Stored entries:
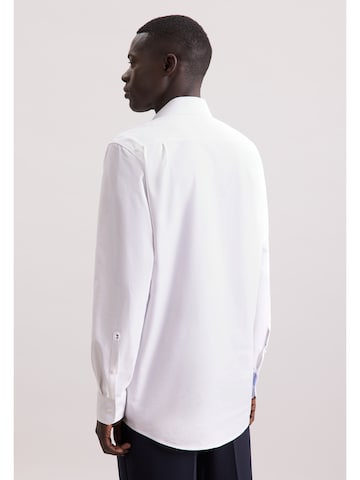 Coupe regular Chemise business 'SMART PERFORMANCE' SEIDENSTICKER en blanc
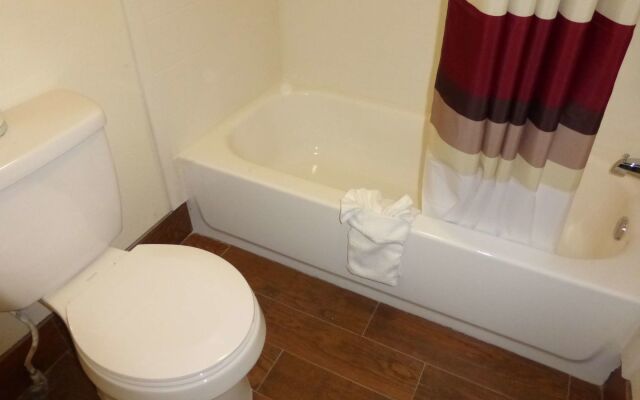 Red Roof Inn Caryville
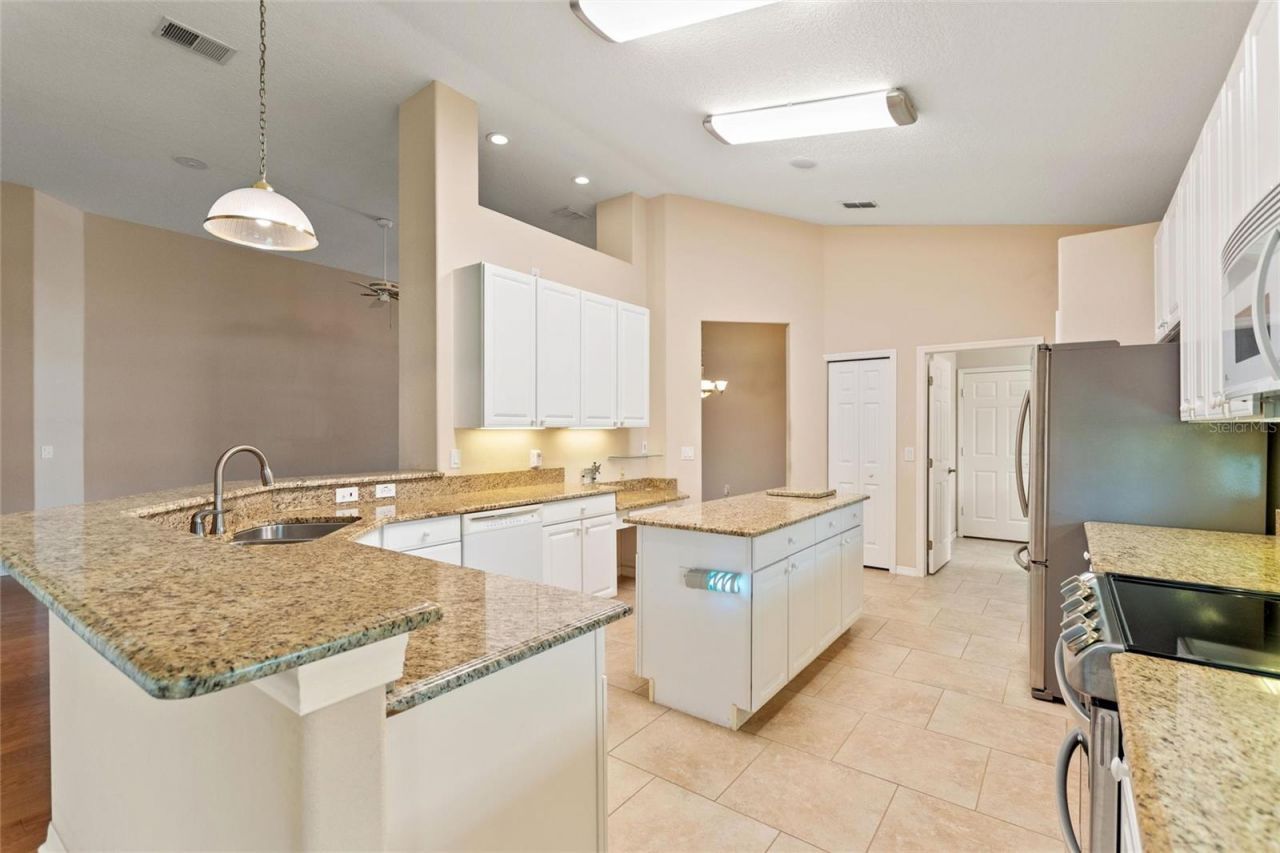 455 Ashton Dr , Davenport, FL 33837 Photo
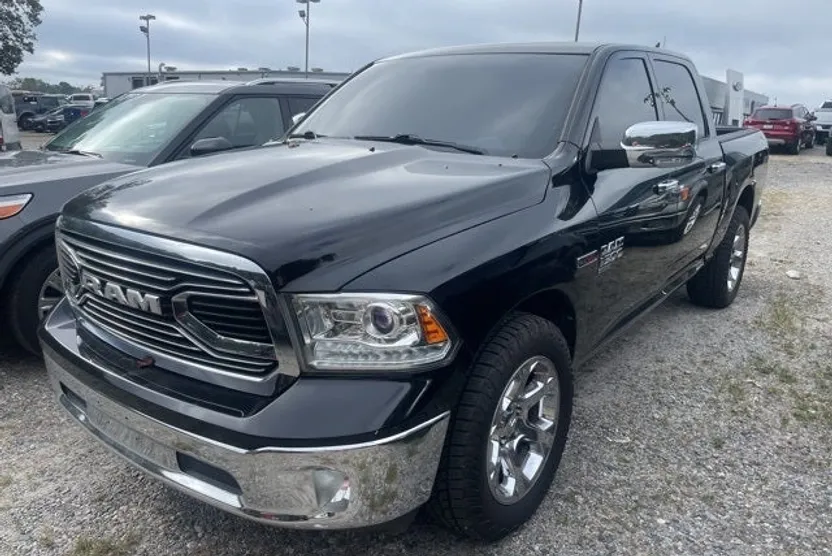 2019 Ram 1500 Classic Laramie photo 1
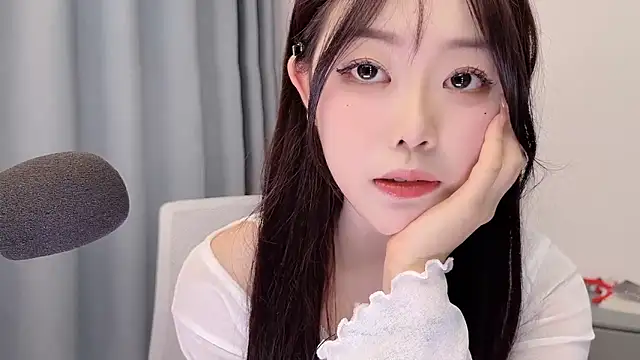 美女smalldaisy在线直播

> **The problem**:
The line with "455 Ashton Dr , Davenport, FL 33837 Photo" and each line after it, through the final line of the data, are to be duplicated exactly, with pictures left out and nothing more included.

> **Task result**:
 455 Ashton Dr , Davenport, FL 33837 Photo
 2019 Ram 1500 Classic Laramie photo 1
 美女smalldaisy在线直播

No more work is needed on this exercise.